15. Februar 2025 in Familie
Die allererste Versuchung ist längst im virtuellen Raum angekommen. Tipps, um der Versuchung zu widerstehen, zu allem seinen Senf dazu geben zu müssen. Von Petra Knapp.
Linz (kath.net / pk) Wer kennt es nicht? Wir lesen auf X, Facebook oder Instagram einen unverschämten Post und sind von einer Sekunde in die andere in der Empörungsspirale drinnen. Sofort muss reagiert werden, als wären die wenigen gelesenen Worte alles, was es zu einer Situation zu sagen gibt.
Das ist ein Fehler, schreibt Steve Robinson in einem Beitrag auf „Aleteia“. Ihm habe einmal ein weiser Freund geraten, nicht so schnell bereit zu sein, auf die Beleidigungen von anderen Menschen zu reagieren, und zwar zu einer Zeit, als es noch gar kein Internet gab, das alle Prozesse, Gespräche, Debatten in ein schwindelerregendes Tempo trieb.

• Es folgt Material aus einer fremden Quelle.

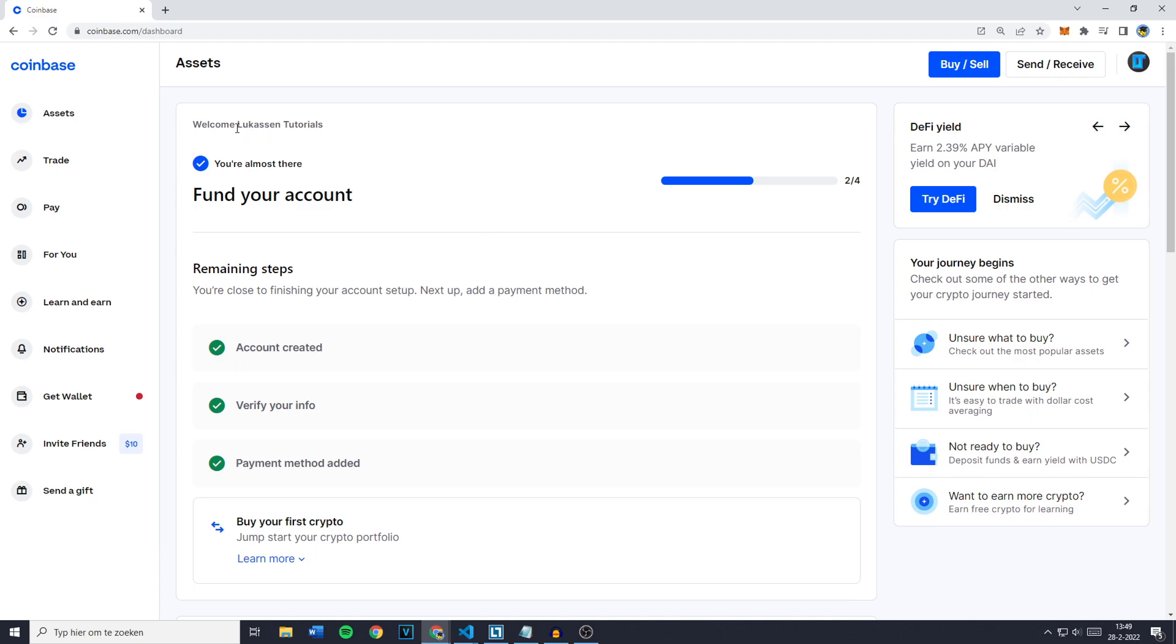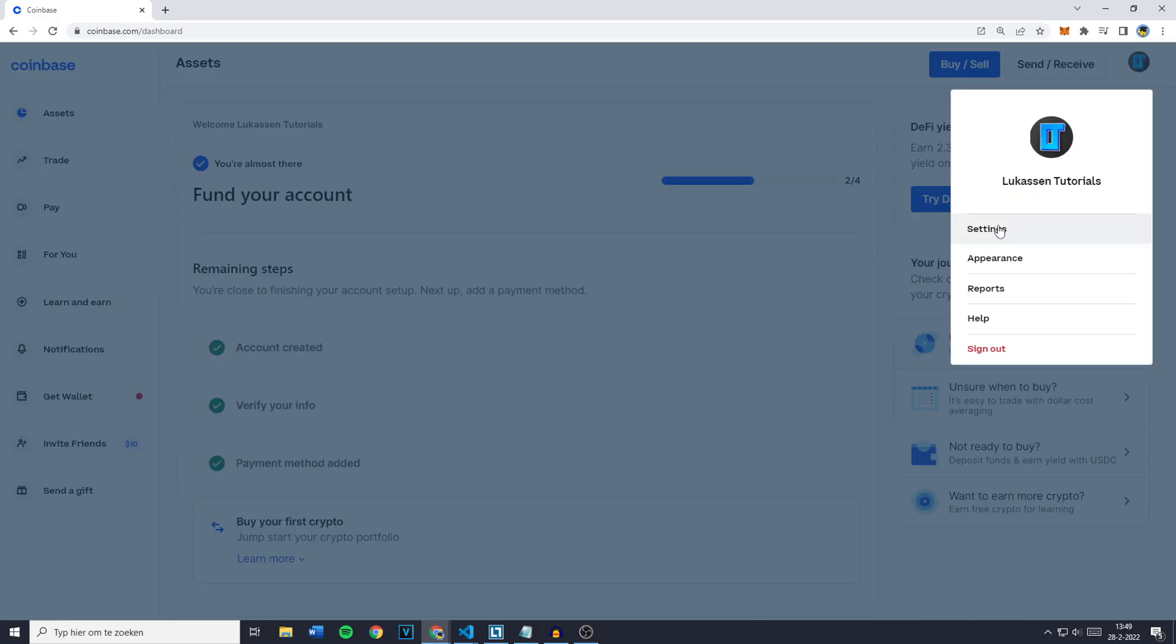Right now my display name is LucasNTutorials, however the way you need to change this is to go over to the icon in the top right and then click on settings.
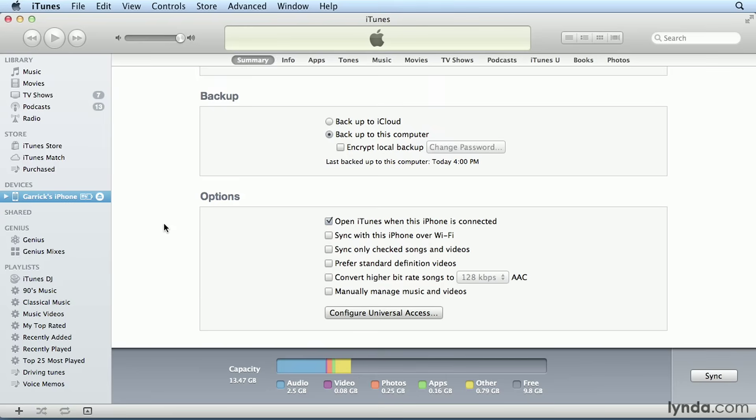The next option is Manually Manage Music and Videos. This is the option that lets you manually drag songs and videos to your iPod or iPhone, rather than letting iTunes move files automatically for you.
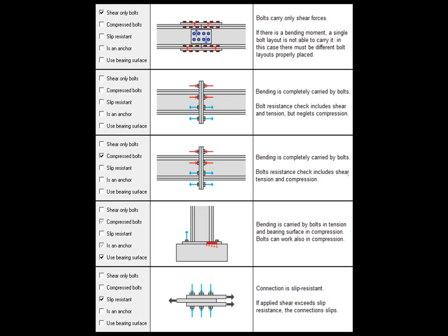these moments do exist in CSE's computation model, and they give rise to generally modest bending moments.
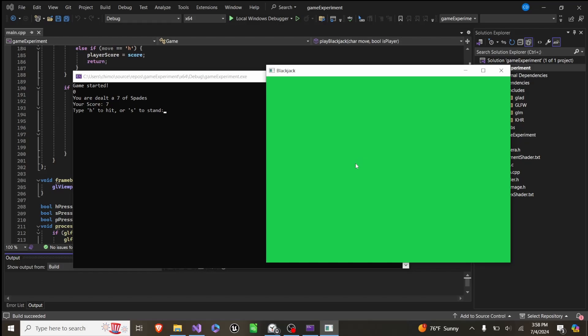In today's video, I'm showing off this blackjack demo I made with C++. So we have two windows here. We have a console, and then we have an OpenGL window. And right now, this window doesn't display anything, but it just allows us to do inputs.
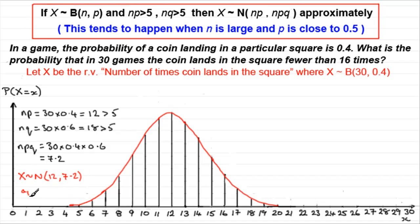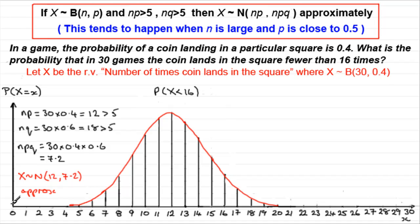I would encourage you to write the word 'approximately' behind it, because otherwise you're saying categorically that X is distributed normally — it's not, it's only approximately normal. Now, when it comes to working out P(X < 16), how do we go about it? It would mean adding up all the probabilities — P(X=0), P(X=1), ..., up to P(X=15). But because we're approximating this to a normal, and normal distributions are continuous, they involve distributions with no gaps. We've got gaps in our distribution, so what we do is imagine that they're filled in with bars of width one unit.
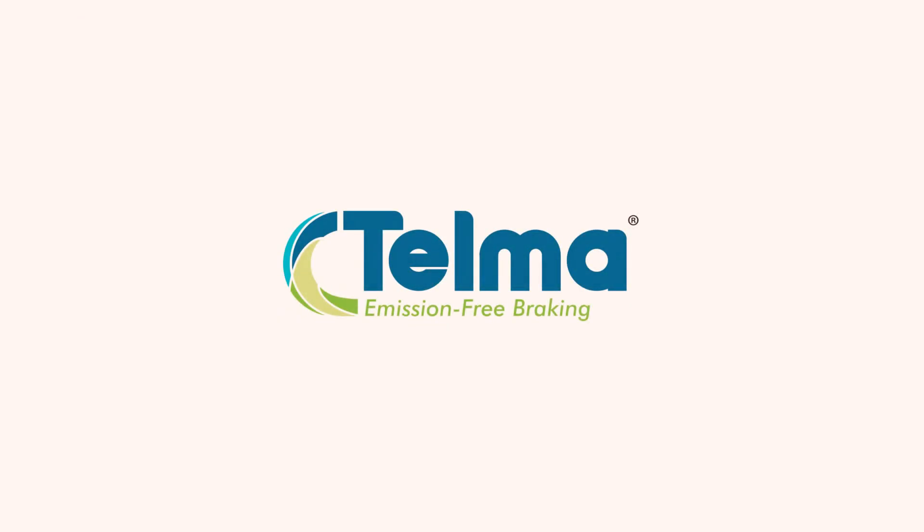Find out more on our website, www.telma.com. Thank you.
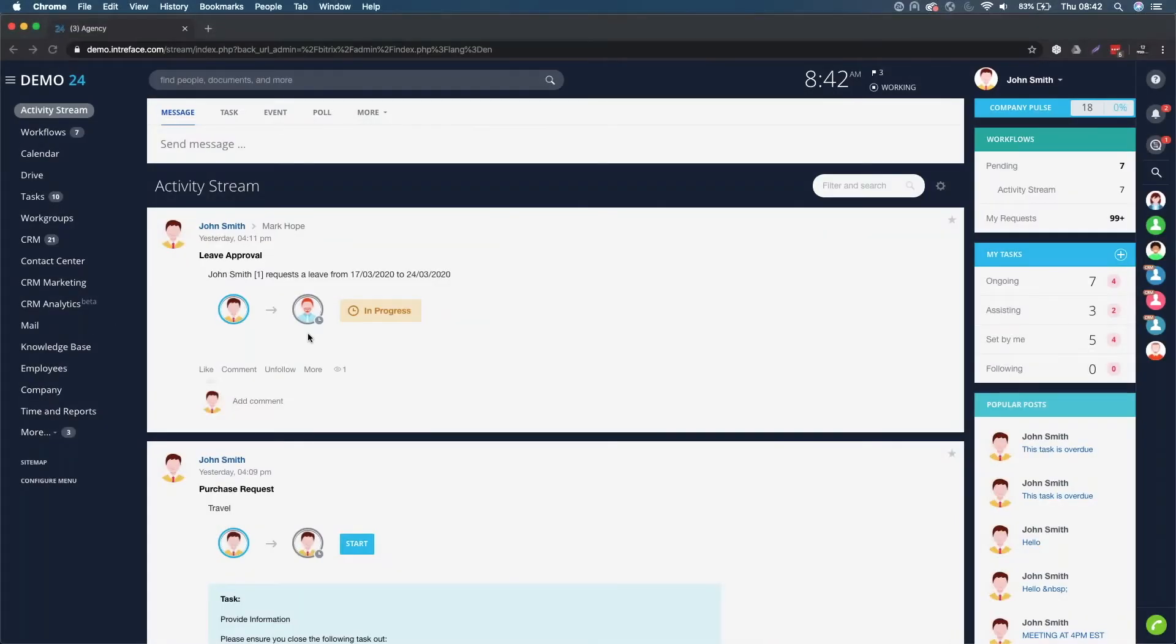Let's take a look at how we can use Bitrix24 for document management while you are remote working.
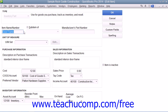Then enter the part name or number for the inventory item into the Item Name and Number field. If the item that you are creating is a sub-item of another larger item category, check the Sub-item of checkbox, and then select the main item from the adjacent drop-down menu.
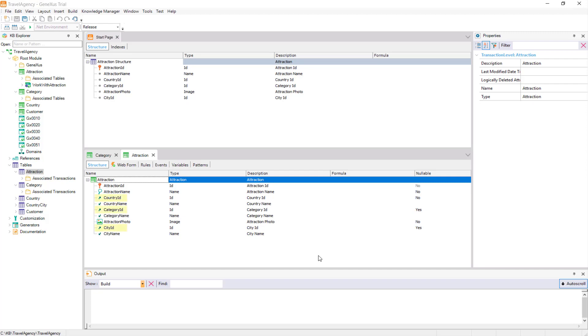This is because there are several foreign keys in the attraction transaction, and thus, through them there are values of attributes that we obtain when the application is executed, from the tables where they are located.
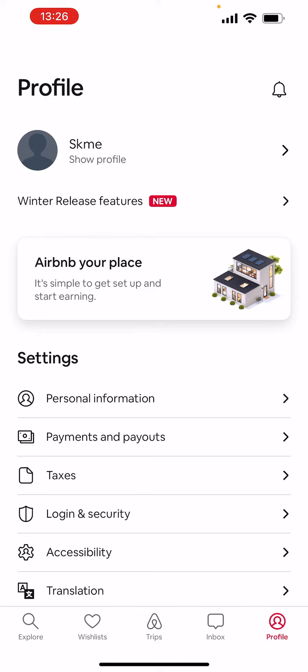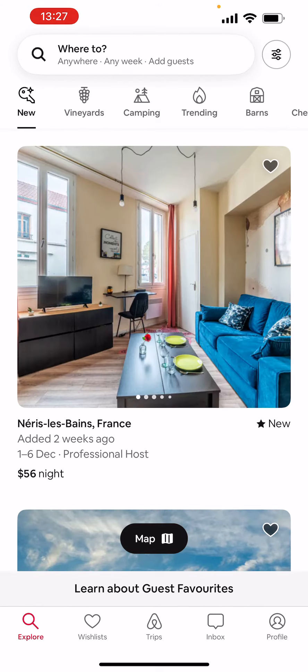As you can see, I'm in the Airbnb application right now under my profile page, but we're not gonna do anything here today. What we're gonna do is tap on that little explore button in the bottom left corner of our screen — it's a little search icon. Let's tap on that.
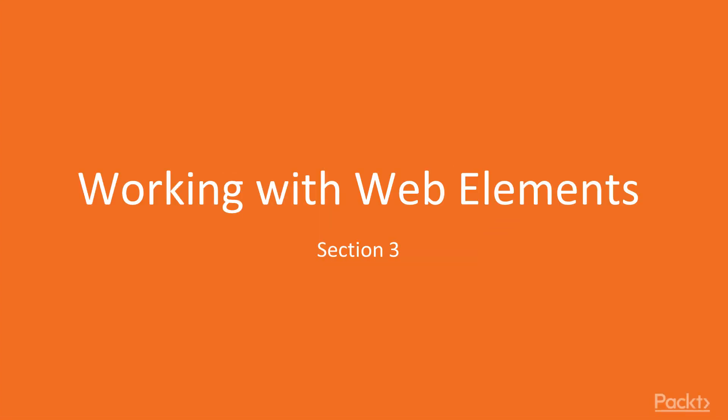Hi guys, in last video we finished section 2, where we learned about Selenium WebDriver, its architecture and interface.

Er hatte sich emotional in eine Angelegenheit verstrickt, die komplexer und facettenreicher war, als auf den ersten Blick sichtbar war. „Sein Rat scheint besonders relevant für unsere heutige Empörungskultur in den sozialen Medien zu sein, die dadurch angeheizt wird, dass wir vermeintliche Beleidigungen mit einem Mausklick in die Welt hinausposaunen können, anstatt von Angesicht zu Angesicht.“
Tagein tagaus seien wir permanent mit dieser Versuchung konfrontiert, auf die dutzenden empörenden Wortmeldungen oder Ereignisse zu reagieren. Irgendwo blinkt immer ein leeres Kommentarfeld auf, das unsere Meinung, unsere Weisheit, unser Urteil oder einfach unseren Senf zu irgendetwas einfordert.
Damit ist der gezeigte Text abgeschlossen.